When dealing with one-sided limits that involve the absolute value of something, the key is to remember that the absolute value function is really a piece-wise function in disguise. For example, ##|x|## can be broken down into this:
##|x|=## ##x##, when ##x≥0## -##x##, when ##x<0##
You can see that no matter what value of x is chosen, it will always return a non-negative number, which is the main use of the absolute value function. This means that to evaluate a one-sided limit, we must figure out which version of this function is appropriate for our question.
If the limit we are trying to find is approaching from the negative side, we must find the version of the absolute value function that contains negative values around that point, for example:
##lim_(x->-2^-) |2x+4|##
If we were to break this function down into its piece-wise form, we would have:
##|2x+4| = ## ##2x+4##, when ##x>=-2## ##-(2x+4)##, when ##x<-2##
##-2## is used for checking the value of ##x## because that is the value where the function switches from positive to negative. Any number above ##-2## will return a positive number and any number below would be negative, and therefore need to have its sign swapped to always return a non-negative number.
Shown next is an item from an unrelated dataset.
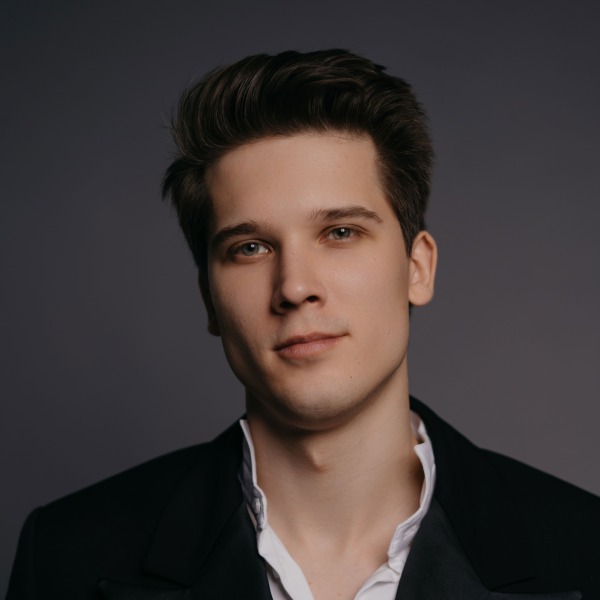 Vladimir Petrov
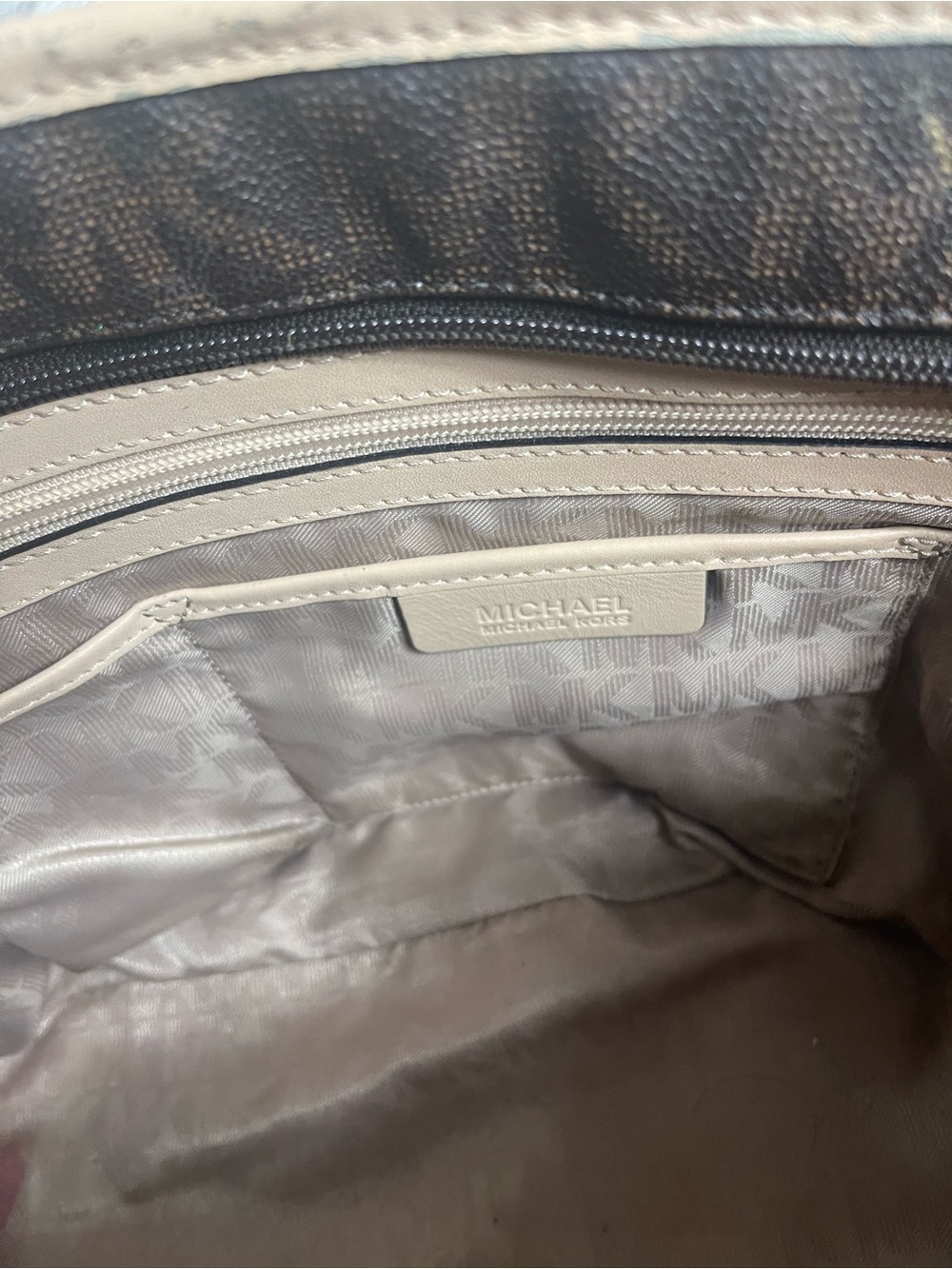 Michael Kors Brown MK Logo Tote with leather Beige Trim& straps - Picture 10 of 13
If we now replace the absolute value function in our limit problem with the correct version, we would have:
##lim_(x->-2^-) -(2x+4) = lim_(x->-2^-) -2x-4##
Substituting ##x=-2##, we have:
##lim_(x->-2^-) -2x-4####=-2(-2)-4 ##
##= 4-4 = 0##
Note that if a number besides ##-2## was used for the limit, such as:
##lim_(x->3^+) |2x+4|##
We would still check the piece-wise function to see that ##3 > -2##, but not have to worry about the limit being one-sided. This is because the one-sided aspect of a limit for piece-wise functions only becomes important around the values where it will switch signs or functions (##x=-2## in our case).